*** Stored data ***
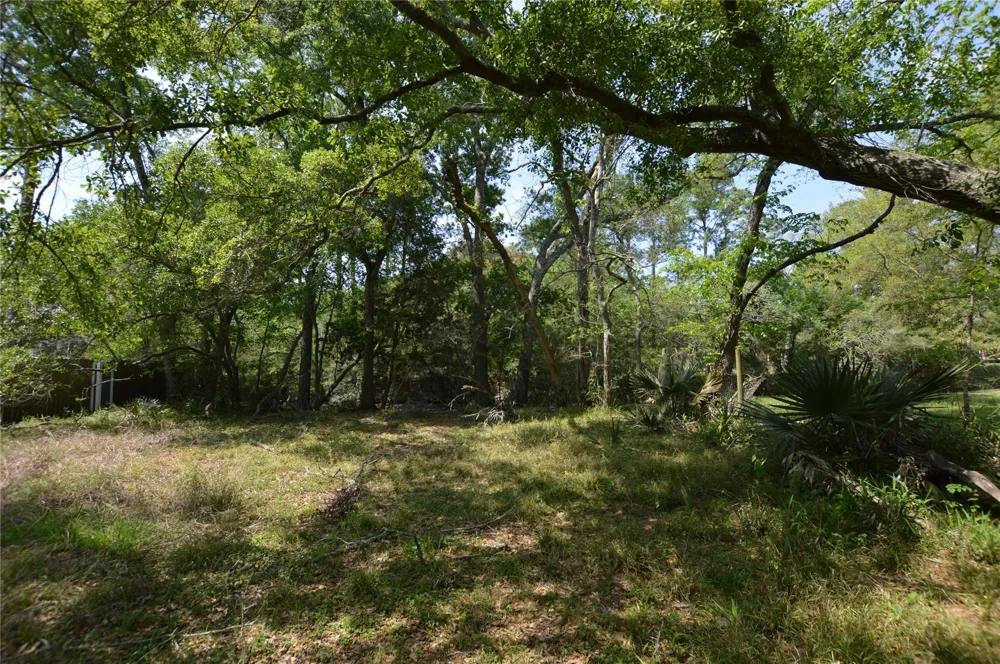 Bryant Lane League City, TX 77598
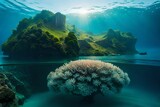 Fototapeta Do akwarium - coral reef and sea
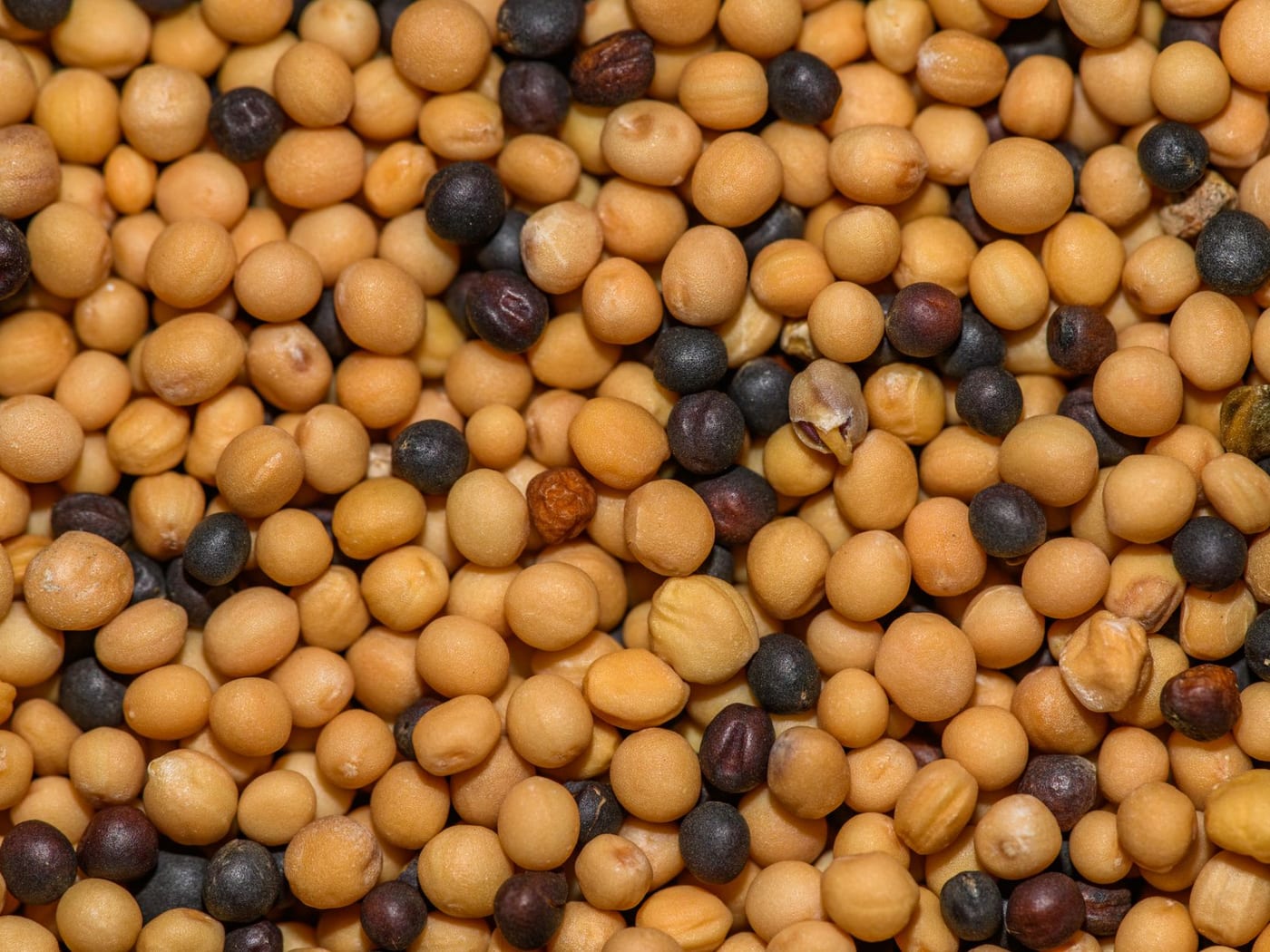 Mustard Seeds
*** End of Stored data ***
§ What you should do
Please copy the data above character for character, skipping any pictures.

§ Solution to this problem
 Bryant Lane League City, TX 77598
 Fototapeta Do akwarium - coral reef and sea
 Mustard Seeds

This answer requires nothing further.